Sunday, August 17, 2008

A Protestant Response to Michael Garten’s “Arguments for the Reliability of the Church”

The Purpose of this post is to respond to a second post by Michael Garten at the Eastern Orthodox blog Well of Questions. This second post by Michael gives additional arguments for church infallibility. These are five smaller arguments that Michael has given and I will respond to each of them.

Michael Writes:

“1) The principle of testimony says that we should believe someone’s testimony about some event unless we have good reason to doubt the reliability of that person’s testimony. The fact of a person’s fallibility should not detract from thinking that they can be a reliable reporter about some event. When an early Christian after the death of the apostles claimed “I believe x because it was delivered to me by the apostles or someone who received their teaching from the apostles” they are a reporter. Their testimony should be considered reliable unless we have reason to believe otherwise.”

Response: I agree with the principles of this argument that we are warranted in thinking that a testimony is reliable until we have a defeater or a reason to doubt it. It’s hard to see that this is an argument for infallibility. The Protestant would need to see the citation from an early Christian witness and evaluate it on a case by case basis.
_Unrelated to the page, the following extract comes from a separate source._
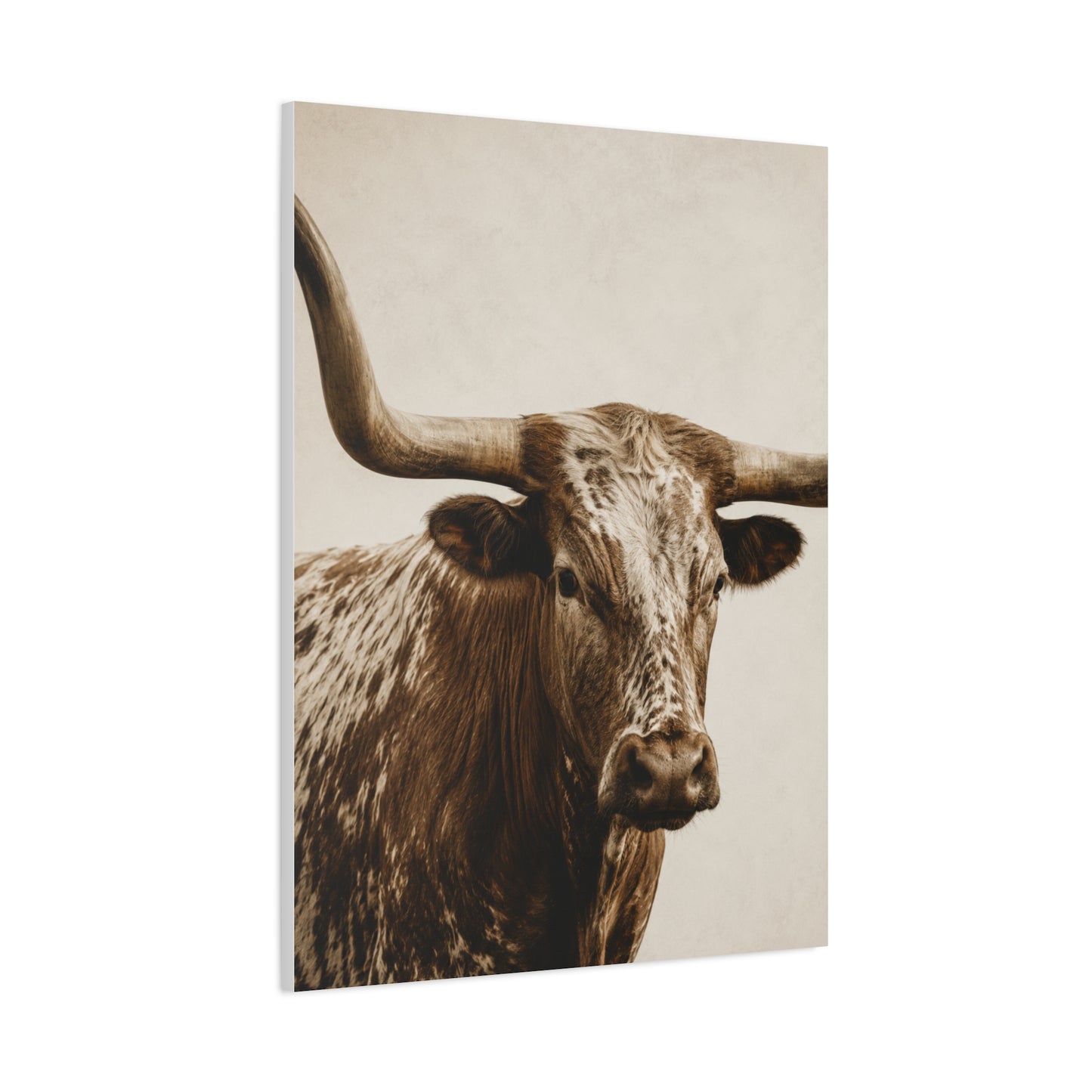 Texas Longhorn Heritage Portrait Wall Art & Canvas Print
Furthermore, if the Protestant saw an early church witness claim in writing that the church is infallible in the sense that it is a source of continuing revelation or a divinely inspired interpretation of revelation then the Protestant who believes the Bible teaches that divine revelation doesn’t continue after the completion of the canon would have a good reason to doubt this early church witness. Thus, it seems unclear if even the early post-canonical church did teach such infallibility and that we should trust an early witness that contradicts a teaching in the earliest church witness; Holy Scripture (Ephs. 2:20; 1 Cor. 13).

Michael Writes:

“2) Ancient Greek-speaking Christians’ interpretive skills should probably be taken into account as a reason for favoring the interpretations of early Christians. This isn’t an appeal to the intrinsic authority of Church offices or something; this is just saying “scholars who speak a language or a close derivative thereof, and are not as distantly separated in time, should be given the benefit of the doubt in how they understand a word/idea/sentence/book of that language”. Early Christian scholars who are culturally and linguistically connected to the apostles should be considered very weighty sources of information for how we interpret things. So the early Church’s scholars, at least, should be considered reliable in their biblical interpretations.”
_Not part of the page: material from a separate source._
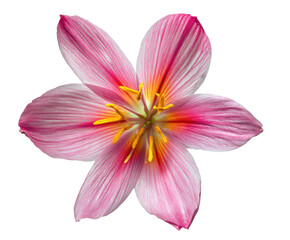 Fototapeta premium Pink Rain Lily Flower Blossom Close-Up Macro Photography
Response: This is a good point, but I don’t see much inferential connection to church infallibility. However, it’s not clear that all people who have a good grasp of Greek should be considered as a beacon of doctrinal truth. Take Origen for example, he knew Greek very well, but we would not consider his interpretations as a part of main stream biblical teaching. Thus, this is all to say that we should look at the Ancient Greek speaking Christian’s remarks on the Greek as weighty and not so much there theology which could or could not be mistaken. Yet, we should take into consideration the theology they support by their linguistical points in the original Greek language. But this of course has nothing to do with church infallibility and it’s hard to see an argument for church infallibility from this standpoint alone (unless Michael supplies additional premises).

Michael Writes:

“3) The principle of early attestation states that we should tend to trust the testimony about some event the closer in time the testimony is to the event reported. Applying this to the teachings of the Church throughout, for instance, the first 3 centuries yields the conclusion that we should consider the Church of the first 3 centuries reliable in what it specifically taught. It is close to the events where the source (apostles and Christ) taught what it had to say, so its more likely to accurately report the source’s information (apostolic and Christian teaching).”

Response: This is a good point that any reasonable person could agree with. However, this argument and many others in this post fail to take into consideration the fact that many of the early teachings either wholly do not include the central parts of the gospel (they are ignorant of them) or they actually contradict the teaching of scripture. This is what many Protestants have claimed and thus if a claim in the early church father appears that go against the Bible (confuses justification and sanctification and a continuation church infallibility) then we would have good reason then to not accept it as authentic apostolic teaching. In the same way, we wouldn’t consider early corruptions of Gnosticism as authentic apostolic biblical teaching. The Protestant can just say that there were corruptions in the church early on and that there was and always will be in the covenant of grace made up of unbelievers and believers. It seems like then these arguments assume church infallibility to be biblical in the first place, which is something that Michael is far from proving in these arguments.

Michael Writes:

“4) Lets assume that the Church considers holy tradition to be a deposit of divinely-revealed truths. If this tradition is contained in oral practices (recitation of creeds, bishops teaching catechumens and clergy, etc.) then we have to ask the following question: is there any reason to think these oral practices would be reliable in preserving the content of the tradition? The answer is yes. The amount of care that is spent to preserve information is directly proportional to the importance of preserving the information. If you believe that you have received God’s words directly or intermediately, you will want to go to great lengths to preserve the content of that message. Given that the early Christians seemed to understand their tradition (including stuff not explicitly contained in the New Testament) as from God, there is a significant prior probability that they would not gratuitously warp the content of their tradition.”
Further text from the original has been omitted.